Victor’s antiheroic qualities are consistent with the 7 Boxes’ broader approach, which begins with an elementary thriller scenario and then gives it all sorts of unusual little twists. For example, while the violent, spiteful Nelson is the closest thing the film has to a pure villain, Maneglia, Schembori, and co-writer Tito Chamorro paint his circumstances as pitiable. Penniless and unable to procure medicine for his newborn child, Nelson slides into a dead-eyed desperation, where he is ready and willing to do anything for cash. Cutting his own deal with Gus’ superiors, the antsy Don Dario (Paletita) and irritated Luis (Nico García), Nelson calls in favors and gathers together an entire band of aggrieved barrow-pushers for one purpose: killing Victor and seizing his precious cargo. If a pack of tenpenny assassins steering wheelbarrows menacingly through a nocturnal marketplace seems a tad absurd, that’s because it is absurd. Consistent with the Coen Brothers’ thrillers and Djo Munga’s recent Congolese crime picture Viva Riva!, the occasional weirdness of 7 Boxes tends to enhance rather than detract from the film’s aura of uncanny menace.

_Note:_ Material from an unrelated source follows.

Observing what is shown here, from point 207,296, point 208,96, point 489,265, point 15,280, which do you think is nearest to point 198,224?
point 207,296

Such forays into comedic territory don’t always pay dividends; 7 Boxes’ humor is at times too broad, simplistic, and predictable. When the film does take genuinely amusing swerves, they tend to be of the drier sort, such as when muggers snatch Don Dario and Luis’ cell phones, but overlook the duffel bag full of cash that the pair are carrying. The conflation of the cutting edge smartphone with status and power is a recurring motif in the film, as is the ever-fluctuating guaraní-dollar exchange rate. Such fixations suggest deeper ambitions on the part of Maneglia and Schembori, but they never amount to much. 7 Boxes certainly seems to have lots to say about wealth, fame, violence, capitalism, post-colonialism, and the like, but it never quite gets around to exploring such themes in any meaningful way.

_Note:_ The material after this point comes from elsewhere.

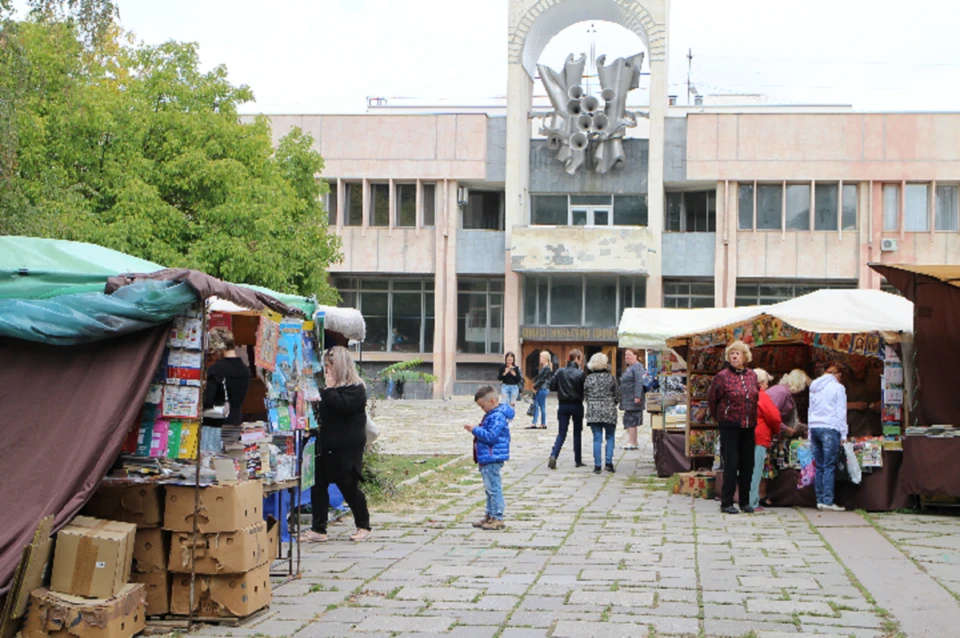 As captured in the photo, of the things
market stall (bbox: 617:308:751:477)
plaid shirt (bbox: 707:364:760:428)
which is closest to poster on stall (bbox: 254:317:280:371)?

Fortunately, 7 Boxes is still a pretty great chase film. The directors maintain an irresistible, jittery sense of forward inertia, while also keeping the viewer slightly off balance, such that the oncoming narrative turns are only glimpsed at the last minute. In these respects, the film borrows quite explicitly from Run, Lola, Run, although 7 Boxes lacks that feature’s formal daring. The film is much more sprawling than one might expect, given the centrality of Victor’s mission to the story. The film is continuously taking oddball detours, following almost every secondary character at one point or another, and cultivating an appreciation for the complexity and interconnectedness of Asunción street life. This is less about sociological observation than about creating a black comedy of errors that unfolds according to some sadistic cosmic playbook. Someone up there is having a laugh at Victor and everyone else involved in this sweaty, bloody fiasco. Only divine meddling (or pure dumb luck) can explain the collision of every narrative line in the final scenes of 7 Boxes. Some characters perish, some escape, and everything piles up into one big shambles of asinine mistakes, curdled schemes, and foolish nobility. Just another day in the market, in other words.